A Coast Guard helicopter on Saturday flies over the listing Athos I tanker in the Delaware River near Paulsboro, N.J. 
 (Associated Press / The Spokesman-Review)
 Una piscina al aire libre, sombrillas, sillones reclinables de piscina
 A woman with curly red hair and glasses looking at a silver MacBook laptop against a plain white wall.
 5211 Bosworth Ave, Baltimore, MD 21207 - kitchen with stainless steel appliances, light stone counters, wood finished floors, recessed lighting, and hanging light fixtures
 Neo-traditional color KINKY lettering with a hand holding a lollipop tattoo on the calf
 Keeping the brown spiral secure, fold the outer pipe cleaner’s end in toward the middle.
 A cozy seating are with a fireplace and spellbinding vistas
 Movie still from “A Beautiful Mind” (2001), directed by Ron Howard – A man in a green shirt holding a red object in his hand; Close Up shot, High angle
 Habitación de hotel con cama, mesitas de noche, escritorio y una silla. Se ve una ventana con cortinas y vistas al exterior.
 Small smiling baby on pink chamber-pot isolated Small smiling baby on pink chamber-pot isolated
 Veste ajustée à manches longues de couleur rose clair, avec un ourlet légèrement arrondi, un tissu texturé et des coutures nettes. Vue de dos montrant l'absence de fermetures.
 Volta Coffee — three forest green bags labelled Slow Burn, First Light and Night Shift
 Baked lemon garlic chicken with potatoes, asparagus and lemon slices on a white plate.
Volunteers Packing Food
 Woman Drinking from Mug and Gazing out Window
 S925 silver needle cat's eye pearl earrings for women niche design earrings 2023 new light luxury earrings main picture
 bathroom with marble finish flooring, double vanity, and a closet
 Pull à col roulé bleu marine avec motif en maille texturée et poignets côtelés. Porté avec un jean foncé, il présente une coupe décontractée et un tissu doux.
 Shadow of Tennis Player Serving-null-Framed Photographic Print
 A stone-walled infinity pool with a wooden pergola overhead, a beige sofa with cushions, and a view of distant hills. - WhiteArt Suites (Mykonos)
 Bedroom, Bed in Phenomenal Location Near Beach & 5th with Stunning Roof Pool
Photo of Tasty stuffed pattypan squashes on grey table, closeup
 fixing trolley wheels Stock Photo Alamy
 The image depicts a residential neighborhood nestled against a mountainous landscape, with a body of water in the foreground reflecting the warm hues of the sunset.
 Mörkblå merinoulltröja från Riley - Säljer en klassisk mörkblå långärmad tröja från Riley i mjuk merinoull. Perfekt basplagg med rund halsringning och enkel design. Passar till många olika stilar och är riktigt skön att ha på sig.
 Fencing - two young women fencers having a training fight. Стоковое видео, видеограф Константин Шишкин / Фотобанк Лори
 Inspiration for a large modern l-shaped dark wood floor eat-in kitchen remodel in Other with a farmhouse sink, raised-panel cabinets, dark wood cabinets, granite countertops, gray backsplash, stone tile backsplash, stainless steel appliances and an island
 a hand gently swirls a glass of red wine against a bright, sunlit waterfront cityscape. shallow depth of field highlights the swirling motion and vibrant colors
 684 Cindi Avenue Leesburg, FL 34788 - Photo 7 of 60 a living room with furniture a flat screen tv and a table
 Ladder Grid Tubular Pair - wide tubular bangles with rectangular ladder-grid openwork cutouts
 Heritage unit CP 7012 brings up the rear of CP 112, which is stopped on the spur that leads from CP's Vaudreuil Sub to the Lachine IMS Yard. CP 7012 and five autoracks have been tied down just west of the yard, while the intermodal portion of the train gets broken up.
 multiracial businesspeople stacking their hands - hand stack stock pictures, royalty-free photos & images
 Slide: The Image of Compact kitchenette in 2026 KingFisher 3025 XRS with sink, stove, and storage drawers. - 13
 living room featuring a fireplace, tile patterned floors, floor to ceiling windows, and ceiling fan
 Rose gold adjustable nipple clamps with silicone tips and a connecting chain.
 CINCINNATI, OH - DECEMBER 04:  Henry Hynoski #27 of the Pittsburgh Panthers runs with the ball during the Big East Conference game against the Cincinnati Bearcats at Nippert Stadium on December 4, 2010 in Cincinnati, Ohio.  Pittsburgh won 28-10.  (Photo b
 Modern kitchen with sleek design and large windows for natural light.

Directions for this task. Reproduce each line of the data containing the word "tissu".

Result of this exercise.
 Veste ajustée à manches longues de couleur rose clair, avec un ourlet légèrement arrondi, un tissu texturé et des coutures nettes. Vue de dos montrant l'absence de fermetures.
 Pull à col roulé bleu marine avec motif en maille texturée et poignets côtelés. Porté avec un jean foncé, il présente une coupe décontractée et un tissu doux.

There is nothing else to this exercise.